Yesterday, December 7, 1941 — a date which will live in infamy — the United States of America was suddenly and deliberately attacked by naval and air forces of the Empire of Japan.

–Franklin Delano Roosevelt War message to Congress: Dec. 8, 1941

It was late morning when FDR spoke those words, and they weren’t news to Americans who had been glued to their radios since the Sunday afternoon before when word first reached the continental U.S. of the attack at Pearl Harbor. Initial reaction was shock, utter shock. It couldn’t be.

But it was.

World news was covered much differently in the pre-television days of 66 years ago. The citizenry had heard of rumblings from Japan, but little more. Why, they wouldn’t dare attack us: a little far-off country already involved in a war with China, and we, the strongest nation in the world.

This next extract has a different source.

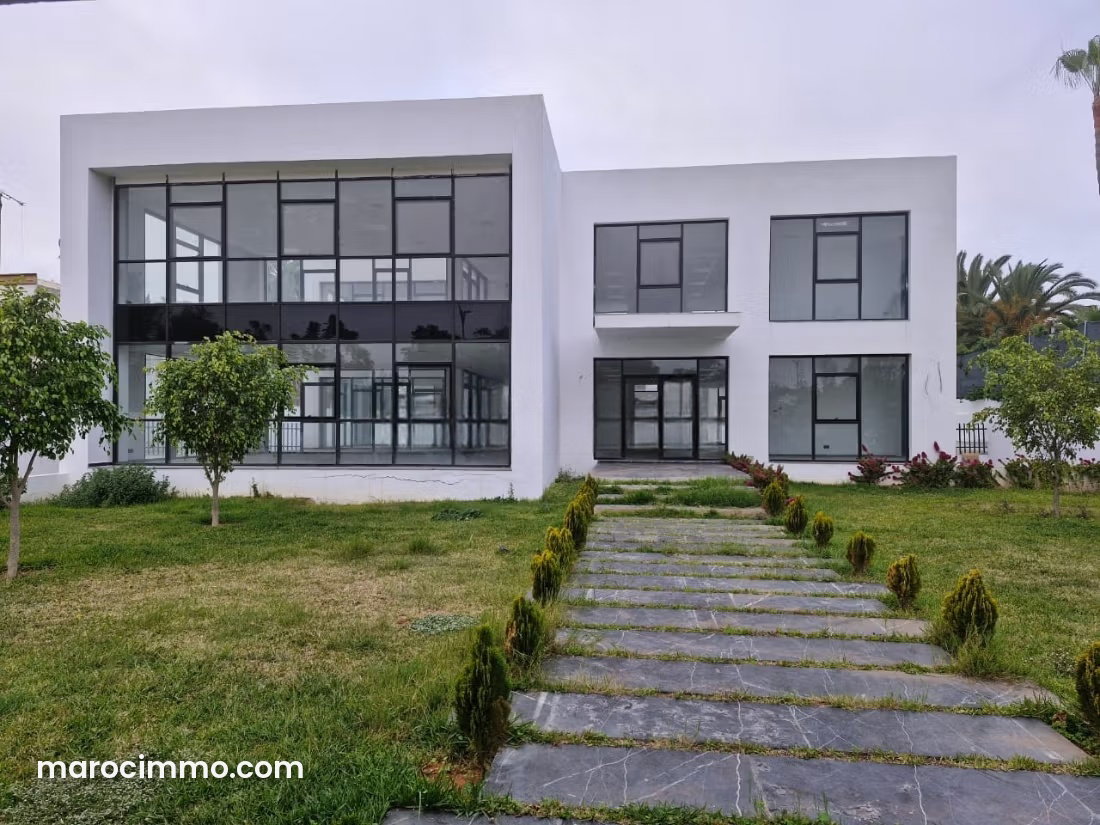 2,000 sqm Office Space for Lease in Souissi, Rabat, Prestige and Visibility — Rabat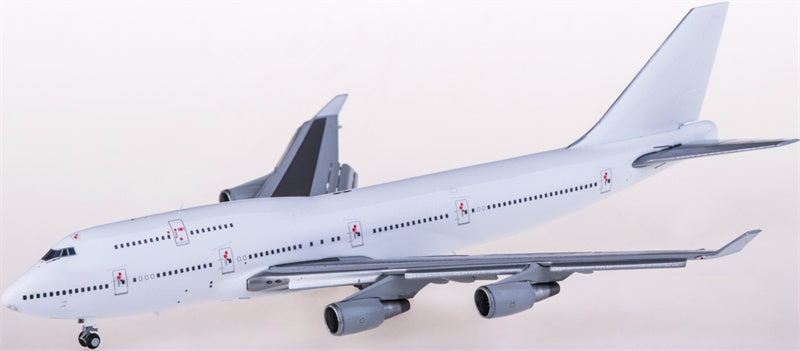 JC Wings Boeing 747-400 GE Engine Blank Flaps Down 1:400 Diecast Model view 2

Moreover, we were busy monitoring the fighting in Europe, rooting for underdogs Winston Churchill and Great Britain; pretty much all of the remainder of that continent had already been conquered. If the Royal Air Force couldn’t hold out, many Americans feared we would be next. Hitler was a mad man who wouldn’t stop until he ruled the world.

Our country was in a quagmire; controversy everywhere: Should we try to appease Adolph Hitler or do all we could to defeat the Axis powers?

It had been more than five years since Hitler started picking countries off one by one, made the big move into Poland, then swept through France, Belgium and other countries. The news everywhere was bad. Or worse.

We were worried, we were tired of hearing and reading of war, we were already making sacrifices to aid allied forces, yet Germany and its blitzkriegs grabbed more and more. For a while it appeared even Russia would fall. The only news we heard of from the Pacific was Japan’s slaughters in China, things like the Rape of Nanking.

We hadn’t fired a shot, but already we were war weary. All we heard on the radio was war: Edward R. Murrow, Gabriel Heater, Elmer Davis broadcasting bad news and speculating about worse to come. We were mired in war news: ships sunk, cities blown apart by bombs, citizens of occupied countries robbed, imprisoned, forced to work in Nazi war factories, murdered. Practically the only good news we got was an occasional piece about a successful British commando raid, or gaining a mile or two against Hitler’s field marshal Rommel, the Desert Fox, in North Africa — only to lose it.

Building our defenses, tanks, warships and aircraft and sending aid to Britain had brought an end to the Great Depression. Everyone was working, defense bonds were selling — but ever present was the heavy shadow of war. Our young men were being drafted and there weren’t enough rifles to arm them; some trained with brooms. With the world in turmoil, we no longer seemed apart from the rest of the globe. It was like waiting to see what would happen next.

That, dear readers, is what things were like across this land on the Sunday of Dec. 7, 1941.

Aftershock

I remember it well. Confined to bed with strep throat, I was rehearsing my lines for my high school play, in which I was to be Scrooge, while listening to a New York Giants football game. I almost missed the first news flash. It was short and confusing, just words of an attack at Pearl Harbor. Like most Americans, I didn’t even know where Pearl Harbor was.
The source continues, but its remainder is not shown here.